Aim of the exercise —
All lines containing the string "Gallery" must be copied from the entries.

(Source records)
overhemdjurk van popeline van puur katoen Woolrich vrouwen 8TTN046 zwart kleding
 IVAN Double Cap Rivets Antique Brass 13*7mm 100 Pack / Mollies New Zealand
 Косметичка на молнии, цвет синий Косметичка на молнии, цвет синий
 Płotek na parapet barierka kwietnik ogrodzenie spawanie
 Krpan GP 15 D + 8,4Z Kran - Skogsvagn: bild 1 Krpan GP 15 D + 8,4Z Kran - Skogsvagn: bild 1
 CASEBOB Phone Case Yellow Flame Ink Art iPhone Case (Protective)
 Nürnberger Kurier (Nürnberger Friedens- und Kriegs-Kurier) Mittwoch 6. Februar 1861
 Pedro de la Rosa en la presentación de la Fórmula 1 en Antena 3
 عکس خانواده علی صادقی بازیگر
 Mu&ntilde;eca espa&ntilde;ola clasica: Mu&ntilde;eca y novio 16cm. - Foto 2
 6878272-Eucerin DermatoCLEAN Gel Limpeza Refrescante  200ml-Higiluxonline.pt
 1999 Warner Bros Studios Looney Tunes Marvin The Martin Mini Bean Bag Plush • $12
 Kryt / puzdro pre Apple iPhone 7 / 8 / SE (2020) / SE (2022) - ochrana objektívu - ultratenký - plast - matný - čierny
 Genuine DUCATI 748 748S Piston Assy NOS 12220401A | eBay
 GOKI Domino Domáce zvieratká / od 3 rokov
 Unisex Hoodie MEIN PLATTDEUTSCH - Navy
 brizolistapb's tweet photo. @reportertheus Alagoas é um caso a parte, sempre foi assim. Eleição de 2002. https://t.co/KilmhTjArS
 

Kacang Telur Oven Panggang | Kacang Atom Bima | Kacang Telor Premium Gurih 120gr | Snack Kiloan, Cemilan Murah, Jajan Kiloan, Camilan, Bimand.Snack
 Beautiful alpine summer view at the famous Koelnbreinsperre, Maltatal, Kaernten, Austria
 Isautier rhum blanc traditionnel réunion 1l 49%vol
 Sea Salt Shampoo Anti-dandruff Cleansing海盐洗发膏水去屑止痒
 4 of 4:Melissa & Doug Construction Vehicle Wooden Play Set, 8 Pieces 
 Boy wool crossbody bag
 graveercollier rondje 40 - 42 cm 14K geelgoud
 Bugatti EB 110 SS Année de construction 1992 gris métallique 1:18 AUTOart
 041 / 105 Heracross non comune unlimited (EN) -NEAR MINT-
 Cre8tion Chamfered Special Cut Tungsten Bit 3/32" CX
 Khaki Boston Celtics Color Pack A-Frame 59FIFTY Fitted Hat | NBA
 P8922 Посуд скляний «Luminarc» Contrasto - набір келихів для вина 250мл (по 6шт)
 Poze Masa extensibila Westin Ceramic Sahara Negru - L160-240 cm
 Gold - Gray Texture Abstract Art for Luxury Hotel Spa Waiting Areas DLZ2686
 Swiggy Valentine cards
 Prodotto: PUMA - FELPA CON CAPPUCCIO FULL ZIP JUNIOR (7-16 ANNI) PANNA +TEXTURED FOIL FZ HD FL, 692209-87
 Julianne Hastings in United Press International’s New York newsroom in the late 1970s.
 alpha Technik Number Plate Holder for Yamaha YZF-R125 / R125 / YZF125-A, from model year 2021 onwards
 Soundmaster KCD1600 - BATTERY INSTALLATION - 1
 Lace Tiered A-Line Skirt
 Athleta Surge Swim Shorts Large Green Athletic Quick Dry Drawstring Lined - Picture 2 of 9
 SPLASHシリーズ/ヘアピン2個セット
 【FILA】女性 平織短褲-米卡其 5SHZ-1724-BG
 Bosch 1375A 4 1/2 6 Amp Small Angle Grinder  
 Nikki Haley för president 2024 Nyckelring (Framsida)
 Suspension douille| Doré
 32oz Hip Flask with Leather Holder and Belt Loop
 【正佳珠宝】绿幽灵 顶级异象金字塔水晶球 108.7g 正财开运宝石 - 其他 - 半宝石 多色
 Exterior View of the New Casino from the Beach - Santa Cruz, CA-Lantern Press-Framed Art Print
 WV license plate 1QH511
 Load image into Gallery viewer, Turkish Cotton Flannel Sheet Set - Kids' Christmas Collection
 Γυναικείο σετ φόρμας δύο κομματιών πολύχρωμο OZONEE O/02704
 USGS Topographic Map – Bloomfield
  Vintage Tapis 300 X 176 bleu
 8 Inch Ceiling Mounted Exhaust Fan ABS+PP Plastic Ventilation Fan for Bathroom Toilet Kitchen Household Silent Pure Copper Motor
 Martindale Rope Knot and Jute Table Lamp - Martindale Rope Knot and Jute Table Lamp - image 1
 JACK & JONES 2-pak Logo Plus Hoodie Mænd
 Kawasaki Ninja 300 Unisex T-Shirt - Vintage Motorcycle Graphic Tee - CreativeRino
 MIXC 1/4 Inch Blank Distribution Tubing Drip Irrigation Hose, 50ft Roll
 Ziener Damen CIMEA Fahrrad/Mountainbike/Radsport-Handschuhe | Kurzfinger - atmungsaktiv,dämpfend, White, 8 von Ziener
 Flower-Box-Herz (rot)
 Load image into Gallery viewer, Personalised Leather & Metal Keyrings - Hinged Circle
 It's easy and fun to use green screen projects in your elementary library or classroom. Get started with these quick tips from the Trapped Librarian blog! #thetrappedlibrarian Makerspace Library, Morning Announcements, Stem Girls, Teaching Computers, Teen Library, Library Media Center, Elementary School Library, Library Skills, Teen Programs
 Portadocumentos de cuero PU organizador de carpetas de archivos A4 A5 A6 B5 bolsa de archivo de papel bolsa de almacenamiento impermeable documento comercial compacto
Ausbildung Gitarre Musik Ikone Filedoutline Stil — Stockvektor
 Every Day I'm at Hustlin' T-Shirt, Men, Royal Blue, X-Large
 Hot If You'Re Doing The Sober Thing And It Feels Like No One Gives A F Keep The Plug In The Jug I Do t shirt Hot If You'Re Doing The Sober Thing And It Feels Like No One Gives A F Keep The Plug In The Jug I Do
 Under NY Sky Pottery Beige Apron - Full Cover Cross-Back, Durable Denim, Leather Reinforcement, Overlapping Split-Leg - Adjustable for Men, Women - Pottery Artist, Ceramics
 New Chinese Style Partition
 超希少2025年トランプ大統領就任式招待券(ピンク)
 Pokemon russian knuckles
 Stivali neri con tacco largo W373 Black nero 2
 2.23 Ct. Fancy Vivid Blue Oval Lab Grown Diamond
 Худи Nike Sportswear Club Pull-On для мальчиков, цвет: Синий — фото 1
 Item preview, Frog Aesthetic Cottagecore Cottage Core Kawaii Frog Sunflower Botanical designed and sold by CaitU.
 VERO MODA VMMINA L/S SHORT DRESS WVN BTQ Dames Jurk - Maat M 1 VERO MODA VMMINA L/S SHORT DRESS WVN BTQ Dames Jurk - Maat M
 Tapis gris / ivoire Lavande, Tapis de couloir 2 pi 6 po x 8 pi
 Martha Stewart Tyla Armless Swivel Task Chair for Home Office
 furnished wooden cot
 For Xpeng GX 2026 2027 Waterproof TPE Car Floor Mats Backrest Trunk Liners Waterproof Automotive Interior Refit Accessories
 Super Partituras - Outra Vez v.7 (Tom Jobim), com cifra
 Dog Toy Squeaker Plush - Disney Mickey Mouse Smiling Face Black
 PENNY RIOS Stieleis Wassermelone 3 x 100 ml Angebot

Solution to this problem —
 Load image into Gallery viewer, Turkish Cotton Flannel Sheet Set - Kids' Christmas Collection
 Load image into Gallery viewer, Personalised Leather & Metal Keyrings - Hinged Circle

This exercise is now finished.